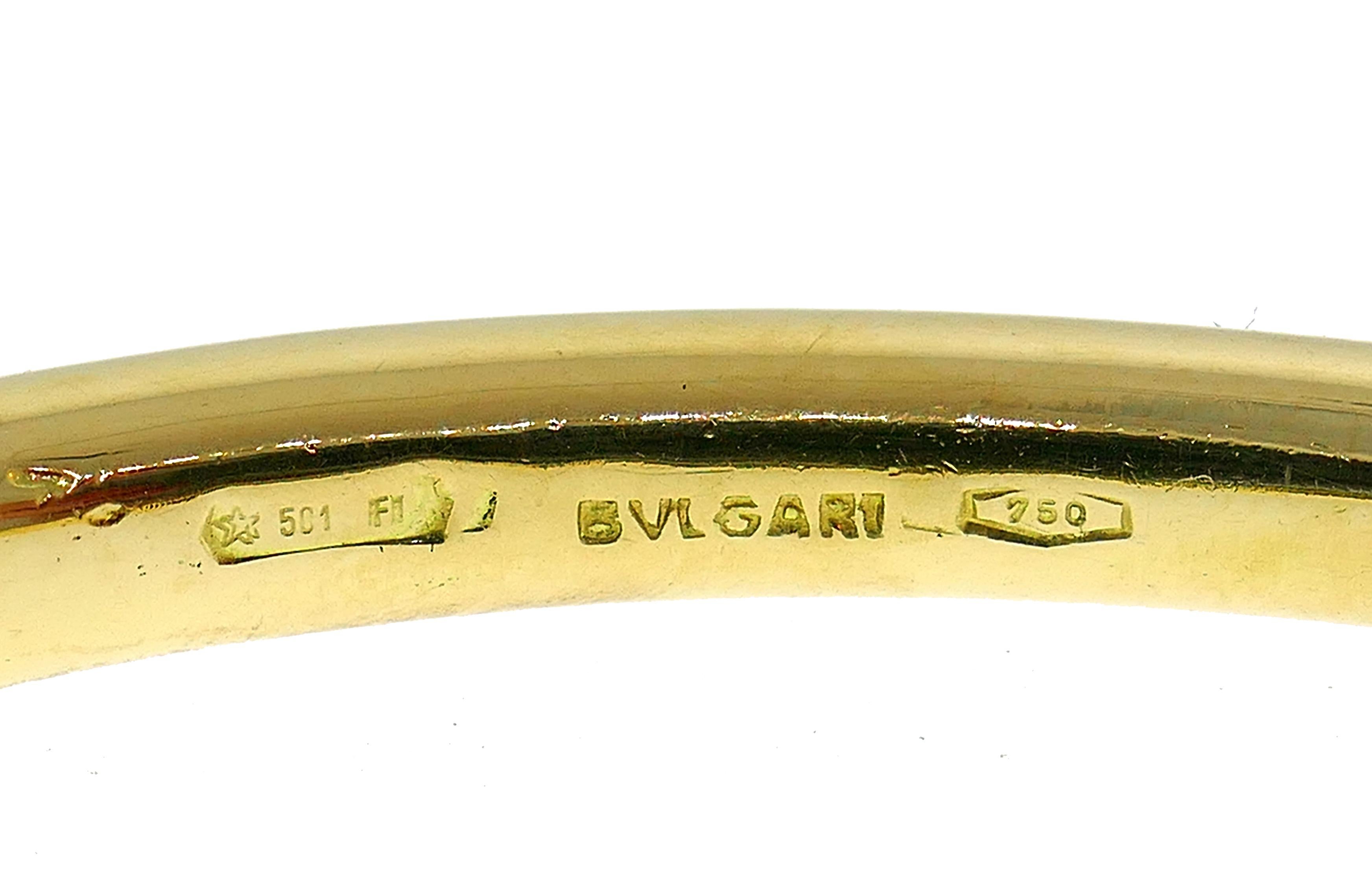 Bvlgari Multi-Gem Yellow Gold Bangle Bracelet, 1980s, Bulgari 2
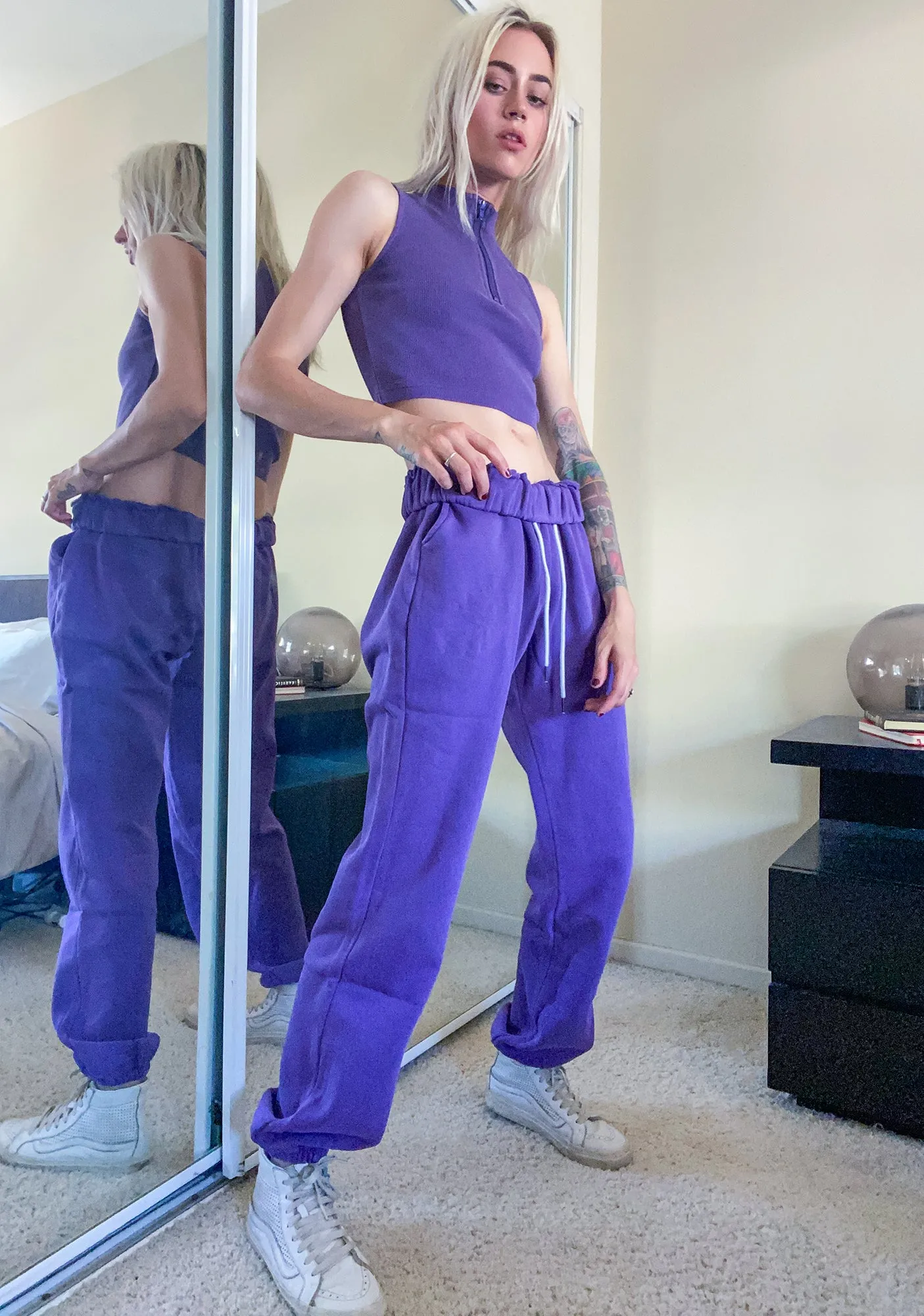 Violet Authentic Track Pants sold by Dolls Kill product image thumbnail 3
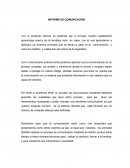 Informe de comunicación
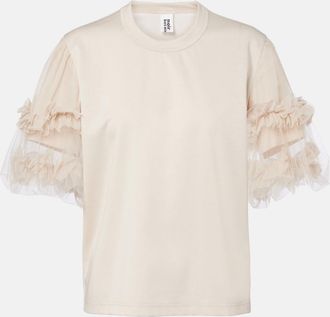 Comme Des Gar&ccedil;ons Camiseta de algod&oacute;n con tul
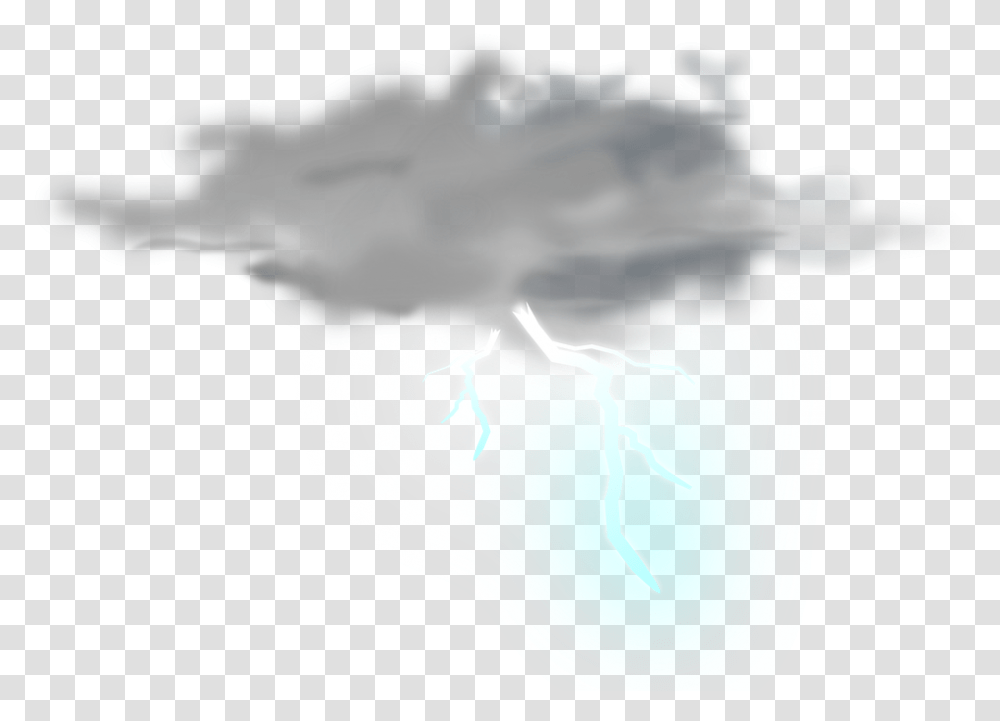 Clouds Flash Storm Thunder Weather Snow Clouds Background, Nature, Outdoors, Ice, Animal Transparent Png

WORK ITEM: What is needed is an exact copy of the lines from the one containing "Comme Des Gar&ccedil;ons" through the last line of the records, with every picture left out.

TASK RESULT:
 Comme Des Gar&ccedil;ons Camiseta de algod&oacute;n con tul
 Clouds Flash Storm Thunder Weather Snow Clouds Background, Nature, Outdoors, Ice, Animal Transparent Png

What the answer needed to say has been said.